BRIEF -
Take the listing from its first line through the line that contains "Here's how to" and please retype those lines exactly, leaving out the pictures.

DATA TO USE -

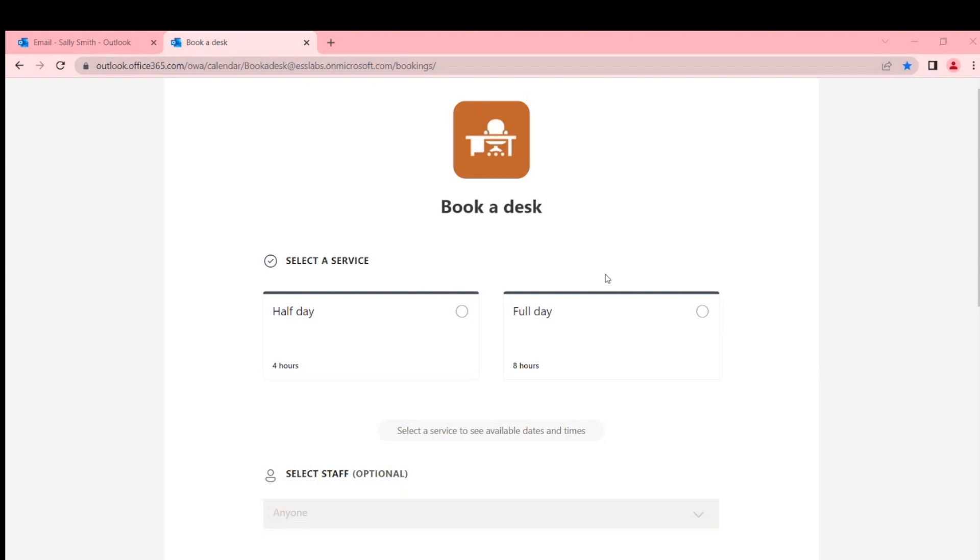It will show you dates and times of when that's available because it's looking at the people's calendars. They would book it, the system would automatically pick one of those people and book them. Alternatively, you could offer the customer a list of staff members to book, with or without services.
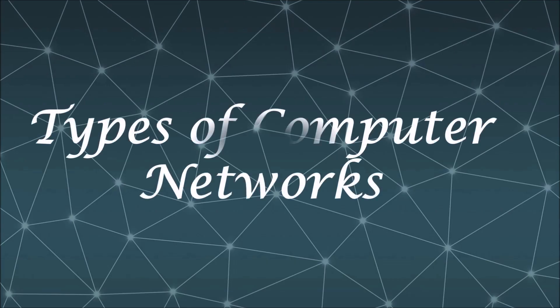In this video let's discuss the types of computer networks. A group of computers connected that allows the computer to communicate with another computer and share their resources, data, and applications is called a computer network.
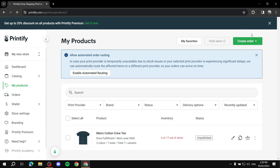Here's how to set up your Printify store and settings. In this video I will show you exactly how to do that — I'll go through the store settings and everything you need to know, and how to set things up if you're just getting started with Printify.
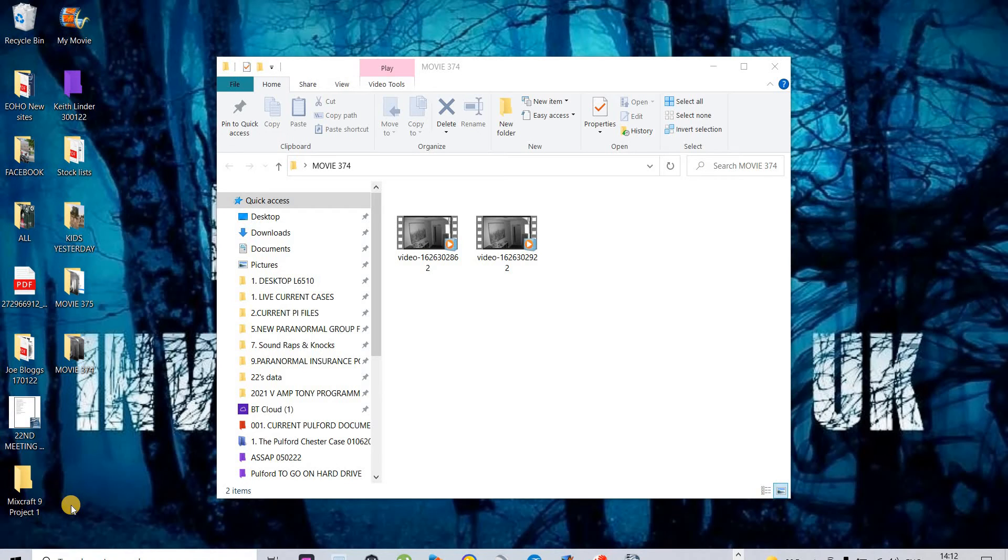Good afternoon, it's Tony Hayes from Parliament Investigation UK. Today's date is the 6th of February 2022 and today we're looking at movie 374 from the Chester Investigation.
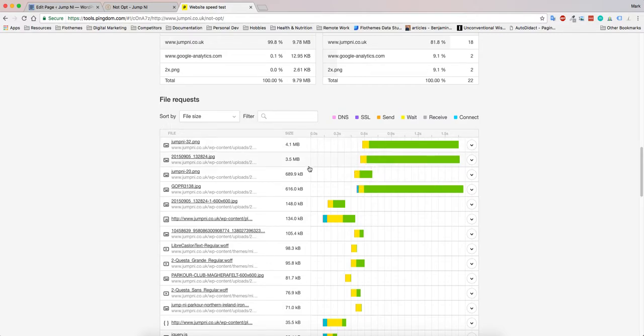In this case, those images are going to be far too big for your website and you're probably going to need to optimize them to make sure that they're loading correctly.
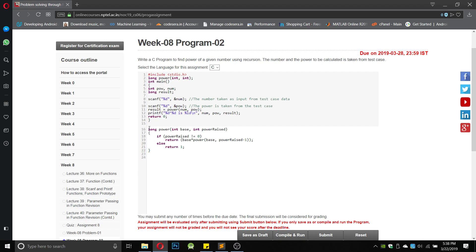Since it is a long power, we write: long power(integer base, integer raised_power). It's a simple two-line code. If raised_power is not equal to 0, it will call the recursive function as base multiplied by power(base, raised_power minus 1), so it decreases the power every time the function is called.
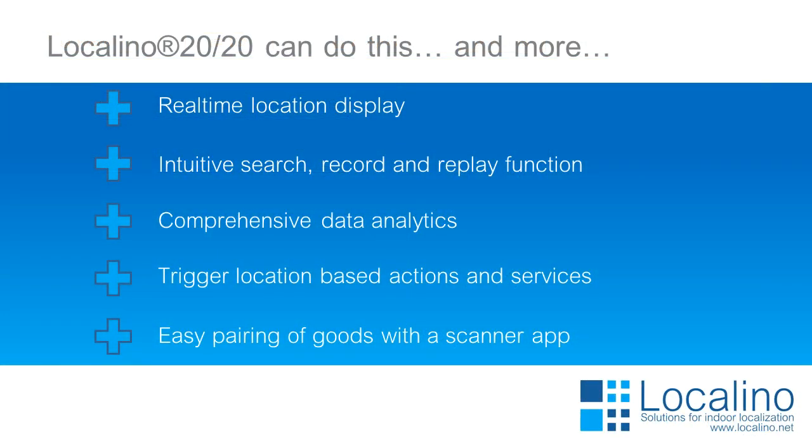Localino 2020 can do this and much more. It has a real-time location display, intuitive search, record and replay function, comprehensive data analytics, can trigger location-based actions and services, and can easily pair goods with the scanner app.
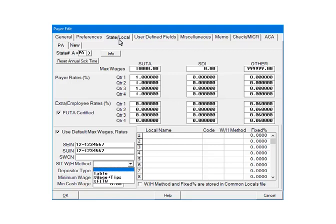The PERCENTAGE OF WAGES PLUS TIPS option calculates the state withholding based on the taxable wages plus TIPS. The last option, PERCENTAGE OF FEDERAL INCOME TAX WITHHOLDING, calculates the state withholding as a PERCENTAGE OF FEDERAL WITHHOLDING. For the purposes of the tutorial, we are going to select TABLE.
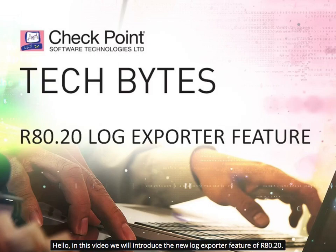Hello, in this video we will introduce the new Log Exporter feature of R80.20.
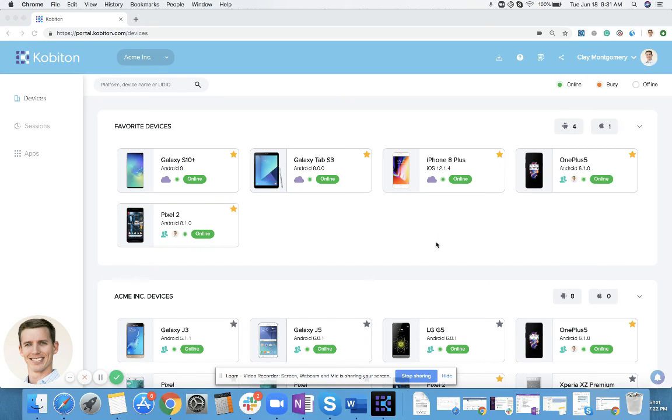Hi everyone, this is Clay Montgomery with Cobiton. Today I'm going to walk you through a quick tutorial on how to host your own devices on the Cobiton platform.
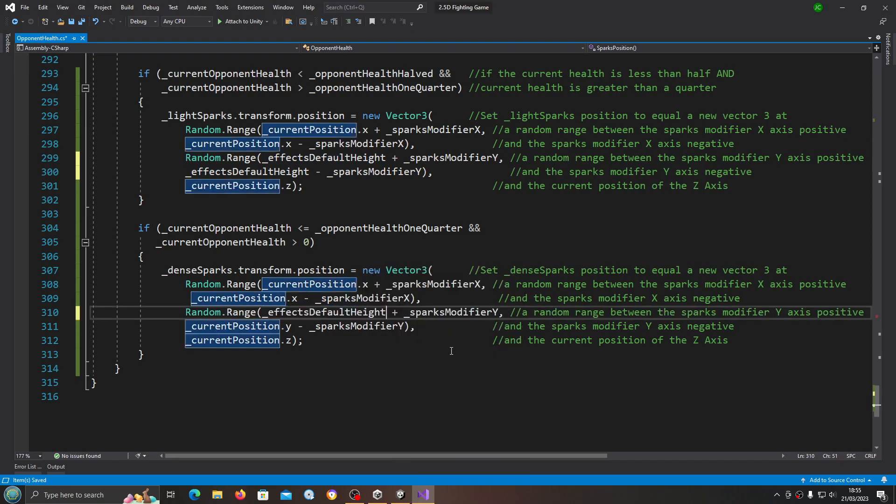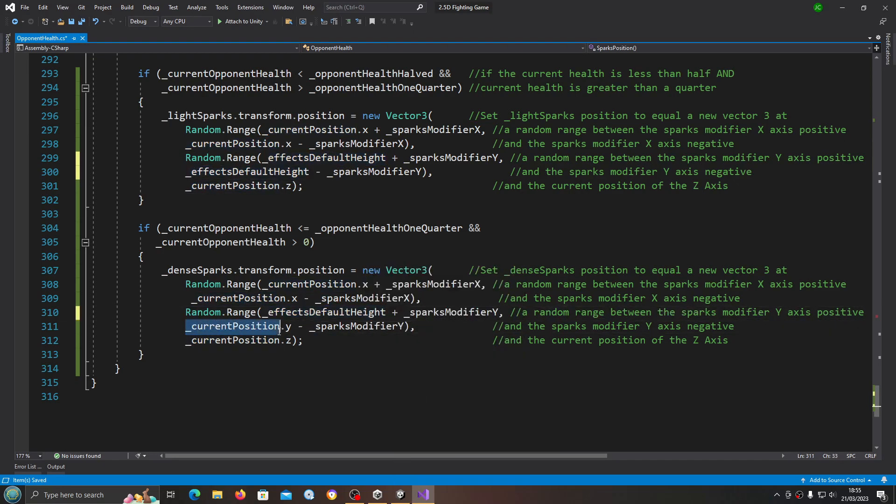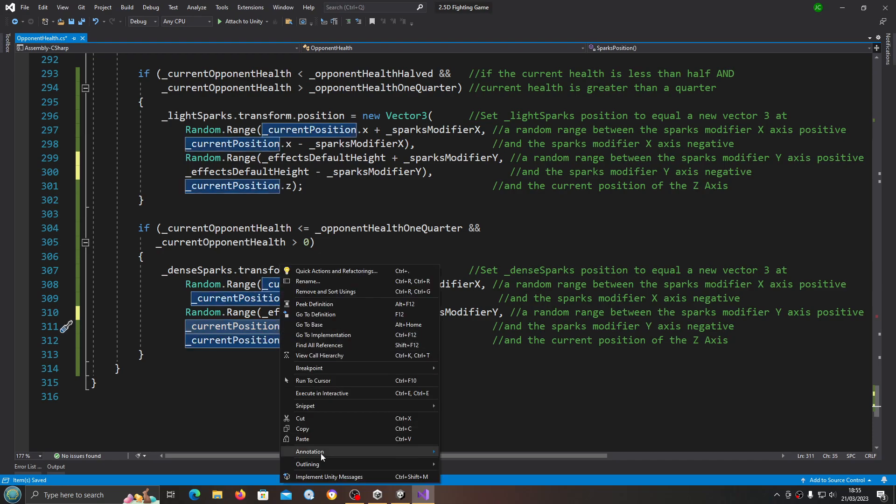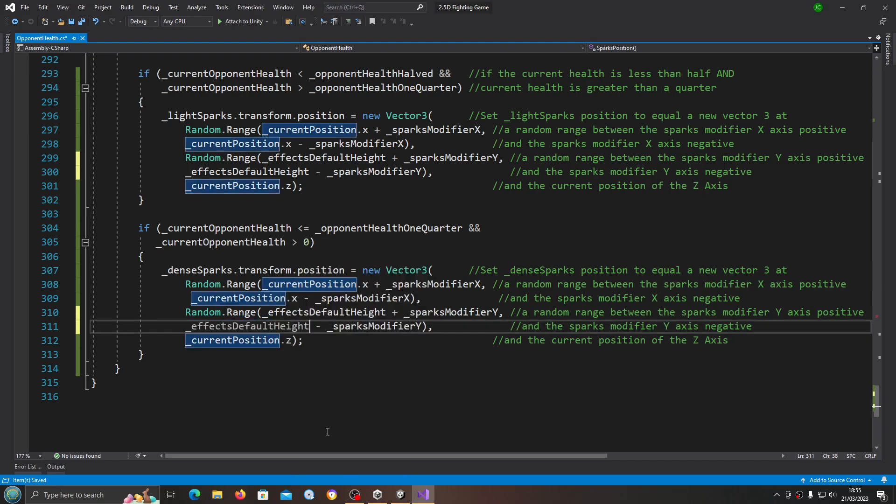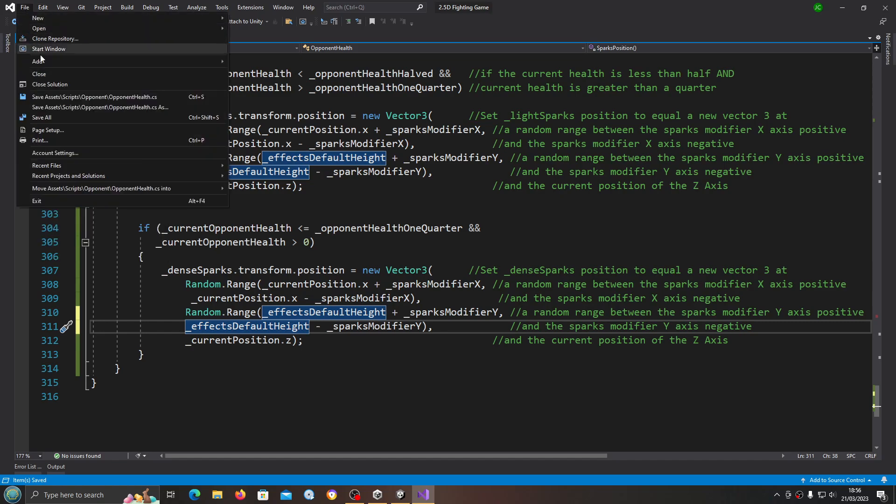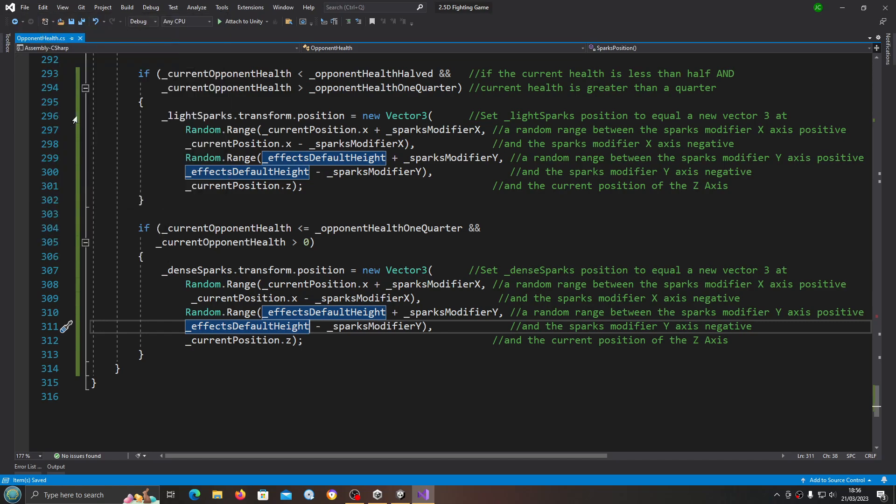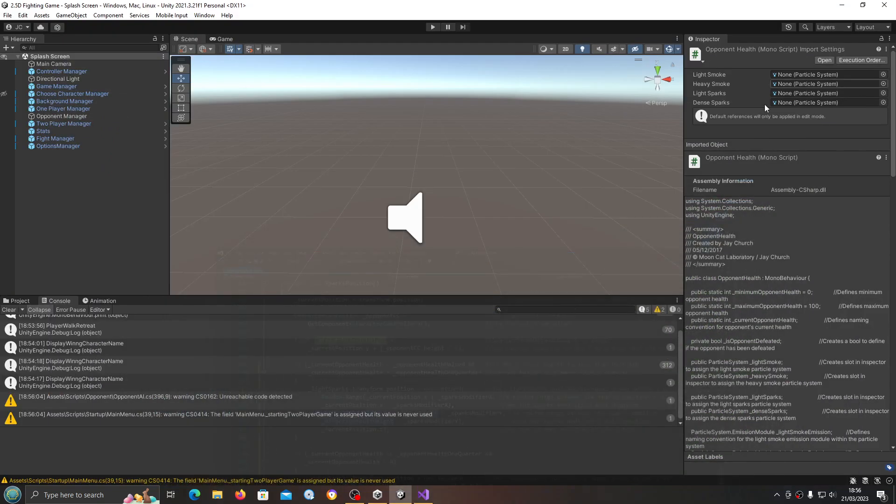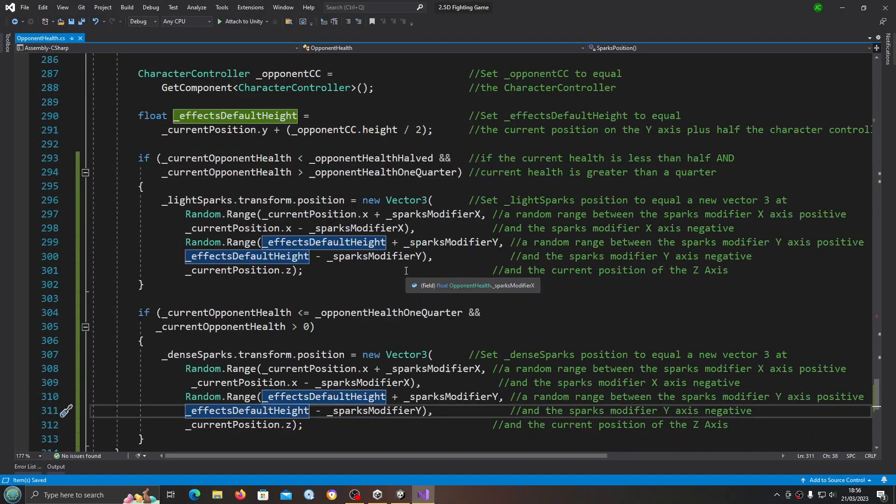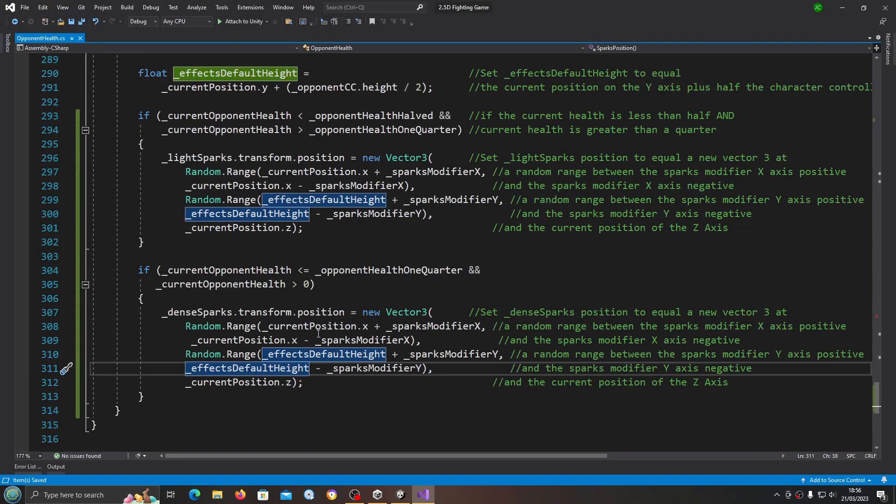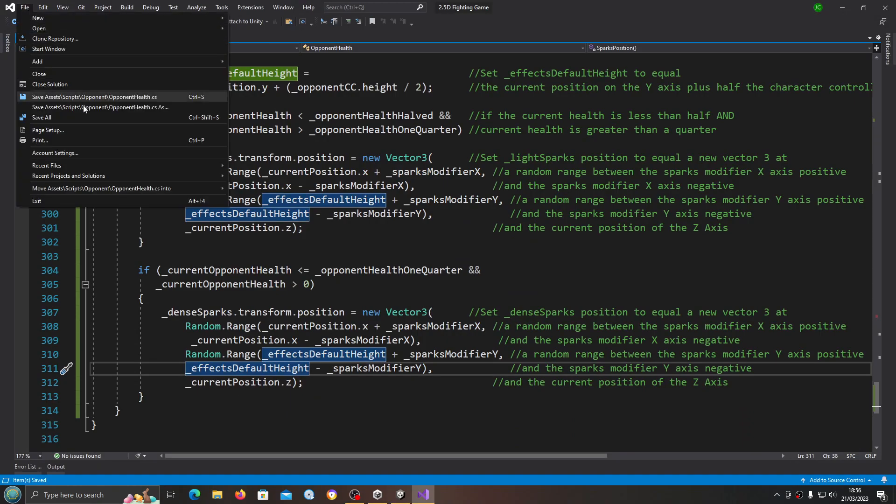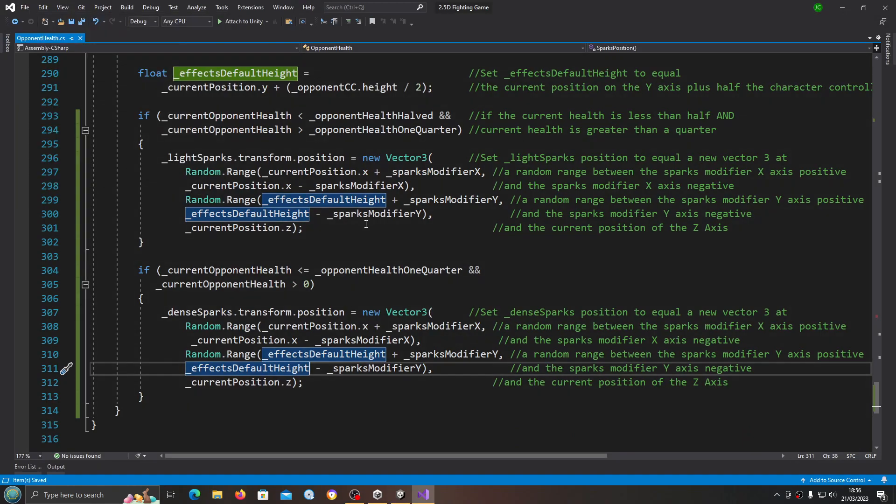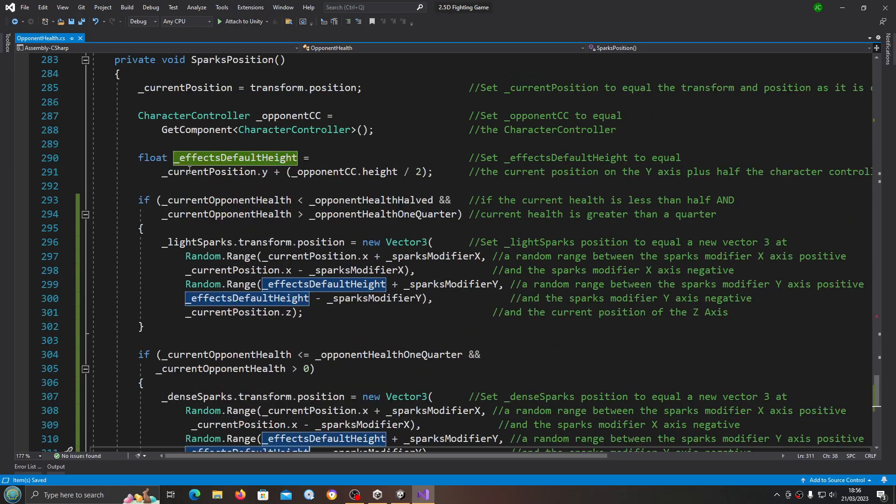We're going to change it just below here. Let's come to the actual dense sparks and we'll just do the same. We'll just move the current position y and change that to effects default height as well. This is sort of optional - it will depend on the models you're using.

EXERCISE SOLUTION -
It will show you dates and times of when that's available because it's looking at the people's calendars. They would book it, the system would automatically pick one of those people and book them. Alternatively, you could offer the customer a list of staff members to book, with or without services.
In this video let's discuss the types of computer networks. A group of computers connected that allows the computer to communicate with another computer and share their resources, data, and applications is called a computer network.
Here's how to set up your Printify store and settings. In this video I will show you exactly how to do that — I'll go through the store settings and everything you need to know, and how to set things up if you're just getting started with Printify.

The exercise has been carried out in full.